# 50's Robot



## Gym Whourlfeld (Jan 22, 2003)

*Really Nice!!*

As a child of the 1950's, this coming from me should have much more value! hahahahah!
Ever seen the video from maybe 1952 of the massive robot built by GE or somebody, it's 9 feet tall and does so very little , but it sure was impressive back then!
Maybe 100 plus years ago a man toured the royal circles of Europe with his wooden card-playing robot in a glass display case.
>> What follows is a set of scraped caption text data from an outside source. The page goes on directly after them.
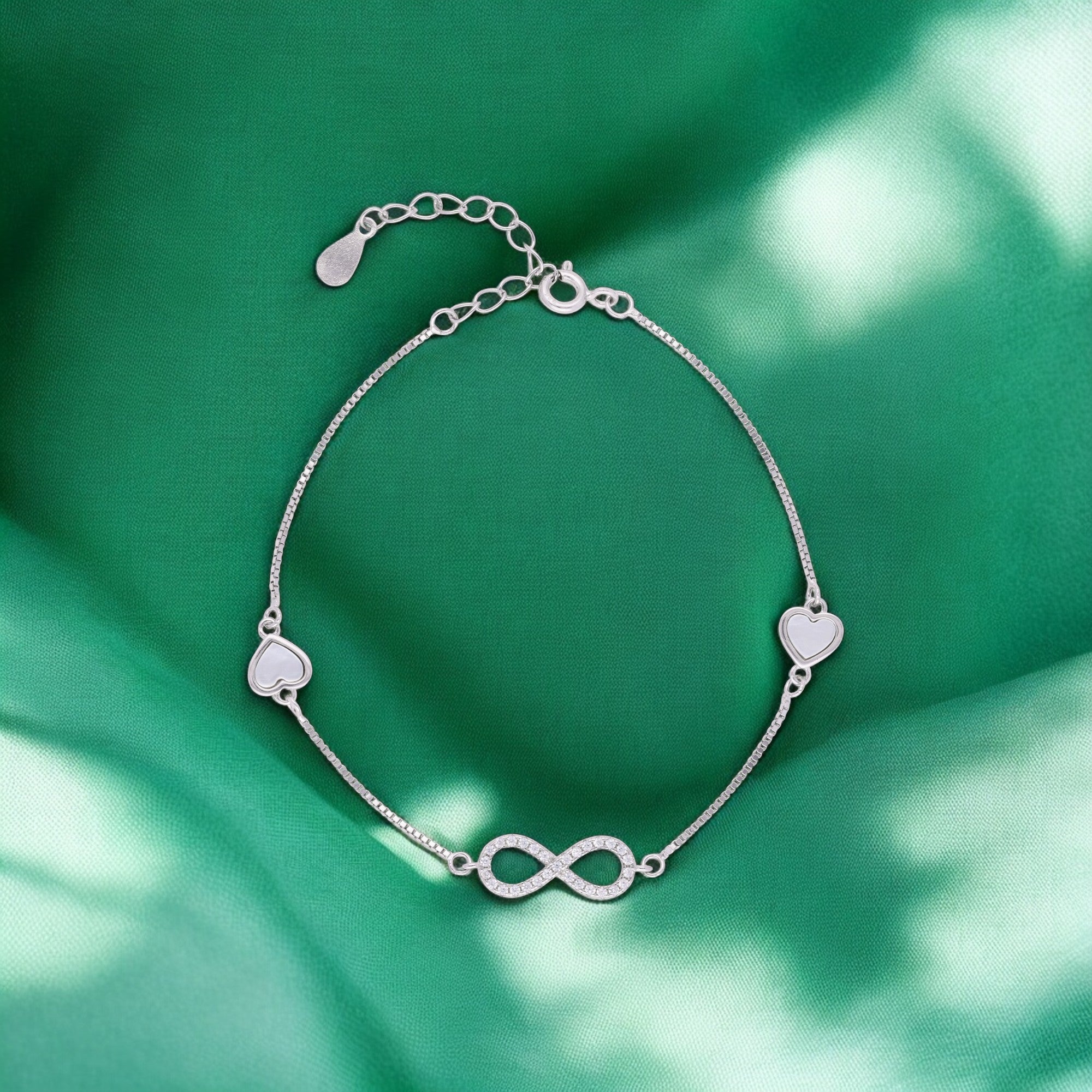 Silver Bracelet | SKU : 0021525391, 0021525384, 0003624210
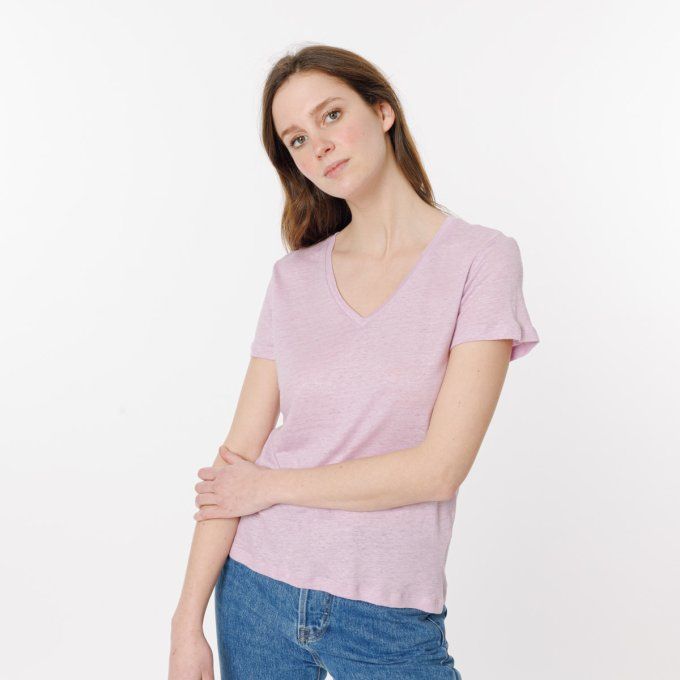 TSHIRT ADELLE PURPLE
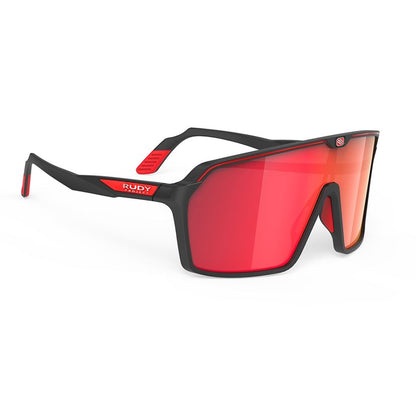 Lunettes de soleil Rudy Project Spinshield Rouge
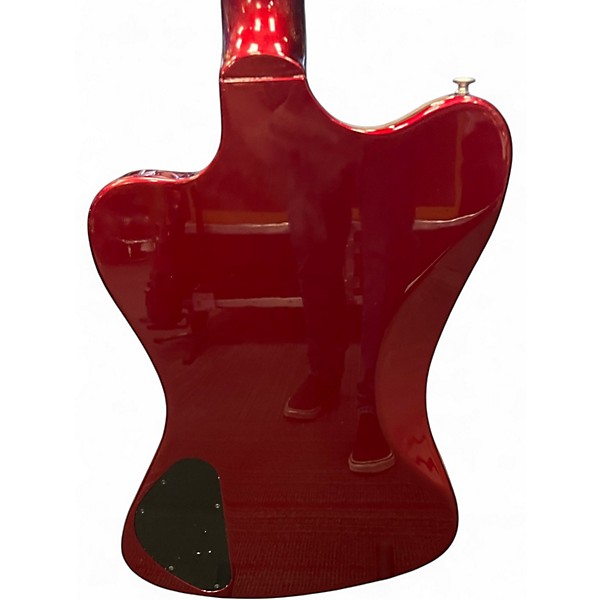 Used Gibson Thunderbird Red Electric Bass Guitar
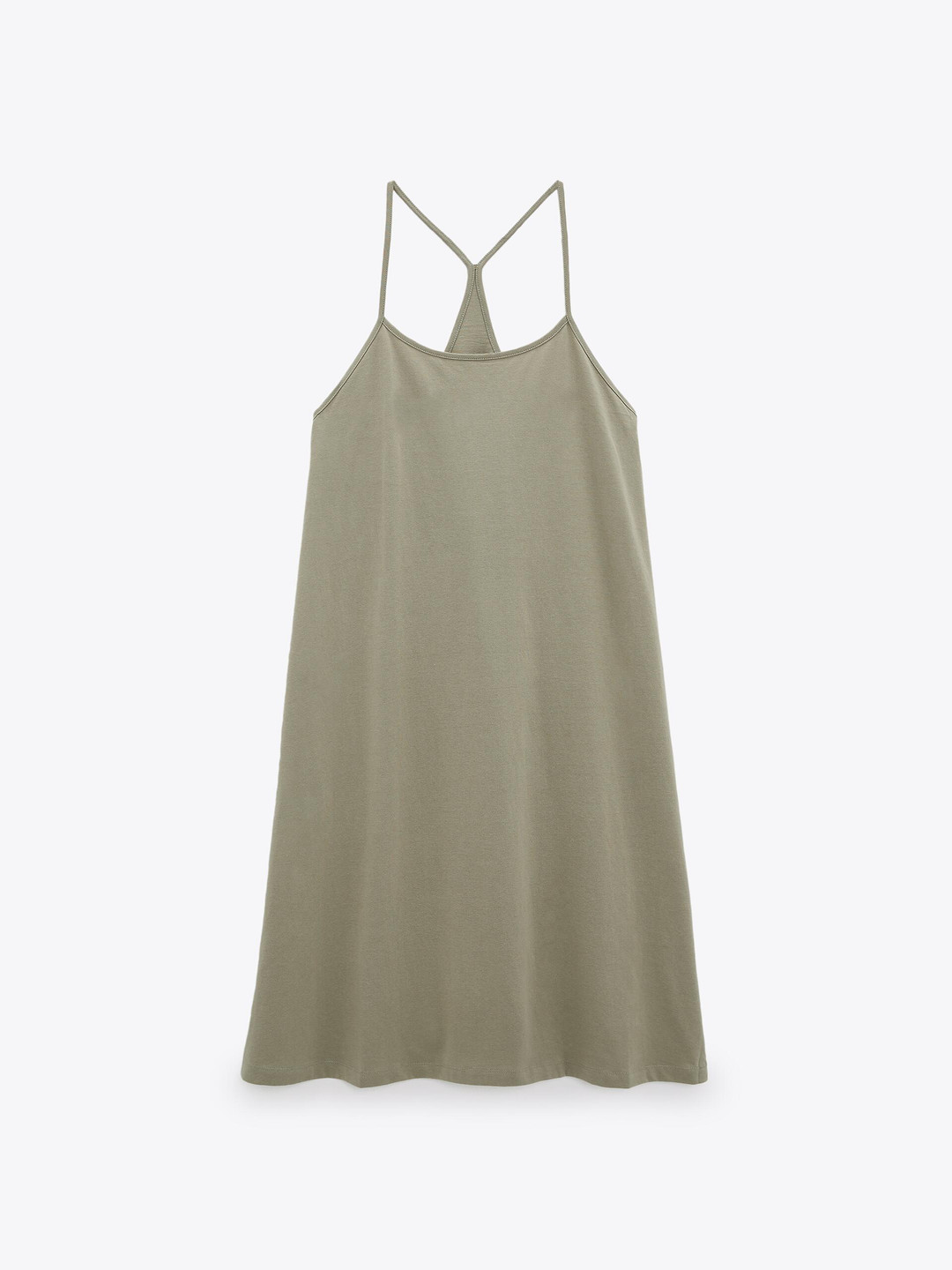 

ZARA Women Khaki Dresses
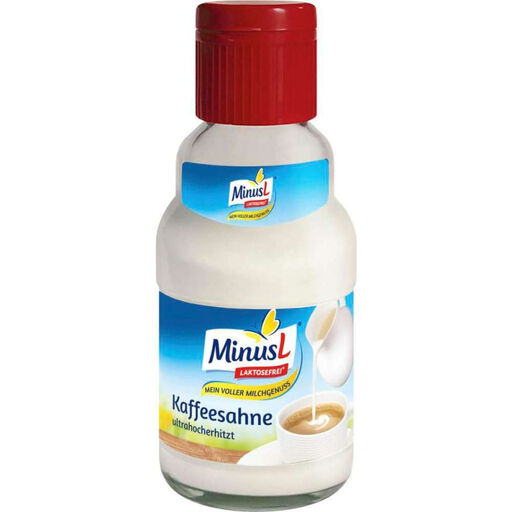 Minus L Kaffeesahne 10%
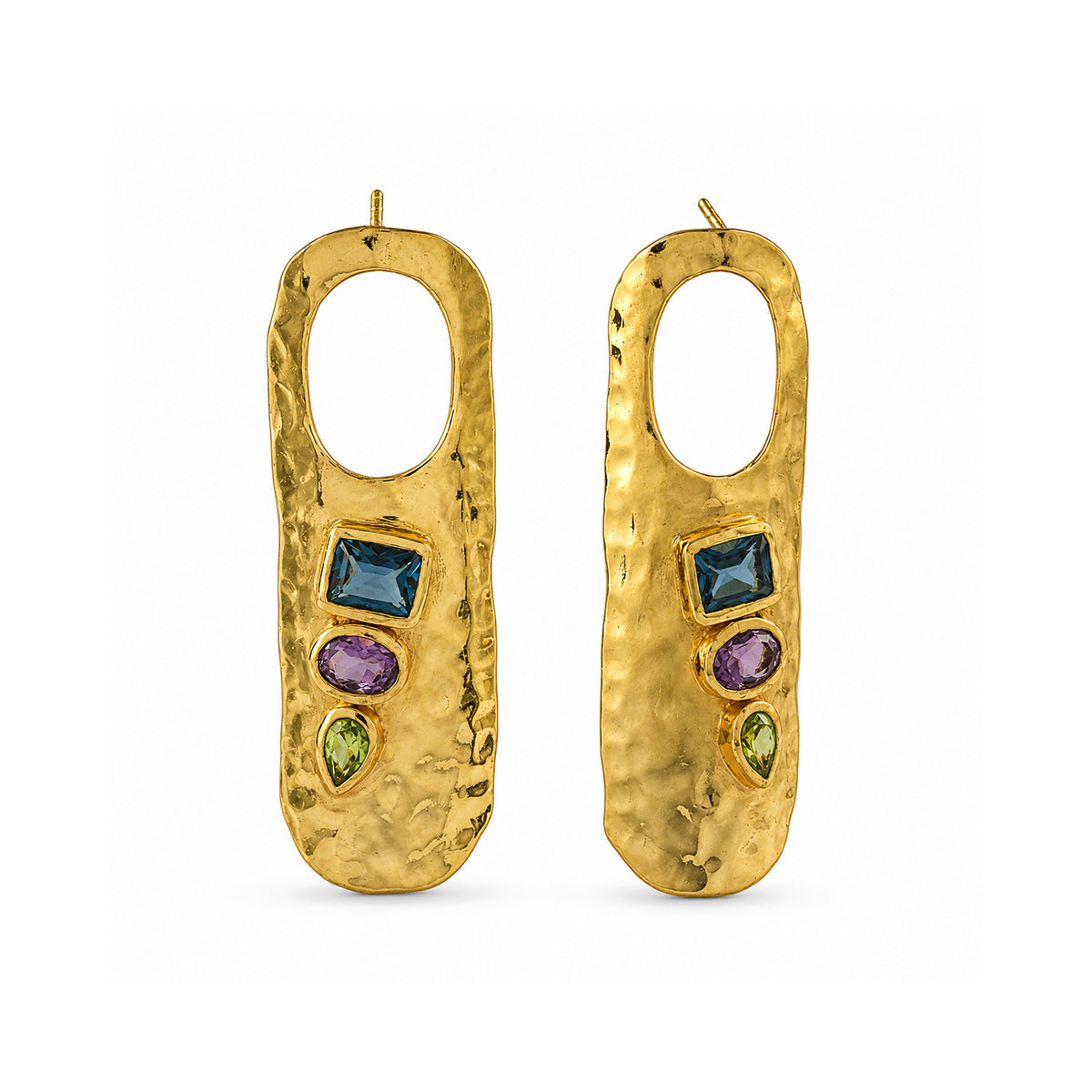 Ancient Orbit Earrings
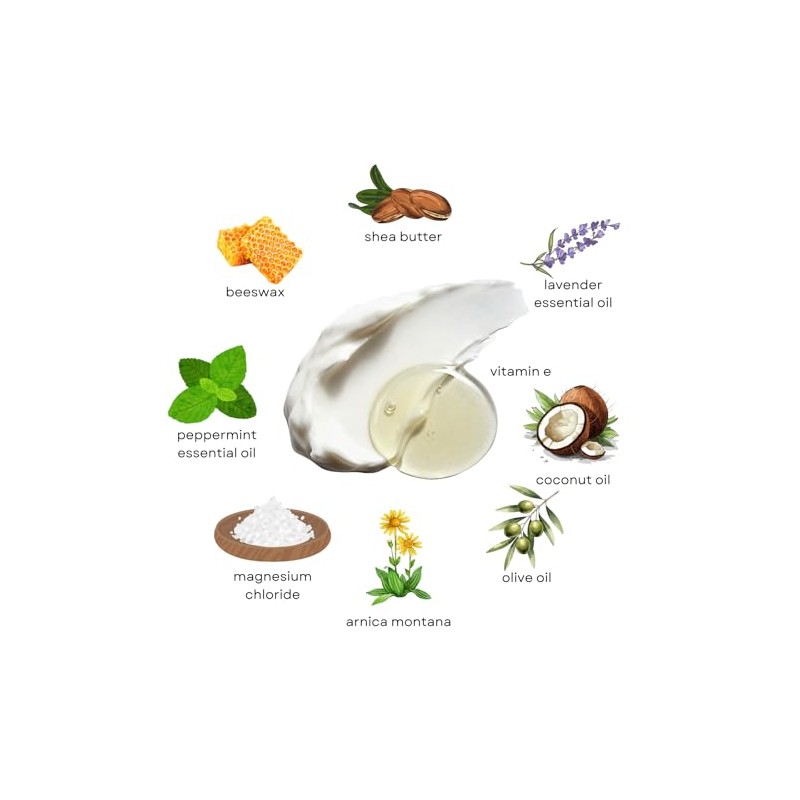Dr. Doug's Recovery Balm – Organic Arnica & Magnesium Topical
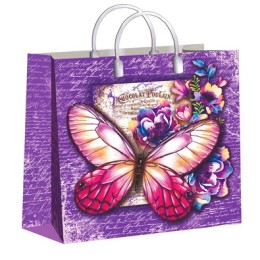 Пакет мягкий пластик 30х30 (150 мкм) Офелия лам. (10/40 шт.) Интерпак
The robot won many card games impressing everyone with how far technology had come...of course he had hired a midget to be inside of it was the "technology".
(Kinda makes me question some technology stuff now?)
Where have all the "little people" gone to?
To... work?


----------



## Gym Whourlfeld (Jan 22, 2003)

*Really Nice!!*

As a child of the 1950's, this coming from me should have much more value! hahahahah!
Ever seen the video from maybe 1952 of the massive robot built by GE or somebody, it's 9 feet tall and does so very little , but it sure was impressive back then!
Maybe 150 plus years ago a man toured the royal circles of Europe with his wooden card-playing robot in a glass display case. The robot won many card games impressing everyone with how far technology had come...of course he had hired a midget to be inside of it was the "technology".
(Kinda makes me question some technology stuff now?)
Where have all the "little people" gone to?
To... work?


----------



## Terra (Sep 23, 2007)

That look fantastic. Love the foil for the brain


----------



## tomibraniste (Mar 18, 2011)

i think robocop costume is the best


----------



## Yubney (Sep 14, 2009)

LOL this is great!


----------



## Fang (Mar 18, 2011)

Your design is perfect for "future envisioned by the 50's." Great job!


----------



## Skulkin (Jul 27, 2005)

That's a perfect design. 

It reminds me of "The Honeymooners" episode where Ralph (Jackie Gleason) wanted to win the Racoon Lodge Annual Halloween Costume Contest. He was going to be a Spaceman (which looked like a Robot) and started taking knobs off the stove and parts from their sparsly decorated apartment, which greatly upset his wife Alice. His costume looked alot like yours! His biggest competition, Norton (Art Carney) had to work in the sewer so Ralph was sure he would win the contest. Spoiler alert: The judging started and Norton comes running in in his gas mask sewer gear and wants to know if he's too late for the food. The judges turn to him and award first prize for his "Spaceman" costume. And poor Ralph loses again.


----------



## MalmeyStudios (May 5, 2010)

Man thats a pretty cool robot!! I love the look!


----------



## unclemoe (Mar 10, 2015)

The tubes and tape reels just scream 50's. Two mechanical claws up!


----------



## McBernes (Mar 10, 2015)

That really looks great! If you haven't done it already you could gorilla glue some strips of aluminum or chrome painted plastic around the recess where the vacuum tubes are, and maybe around the number pad. But really though, the fact that the dome with the brain lights up is just too cool!


----------



## swag21 (Apr 15, 2015)

Reminds me of the TV show Lost in Space


----------



## America's Pumpkin Patches (Jun 5, 2015)

This is so cool looking, the 50s styles bring me back to drive in days!!


----------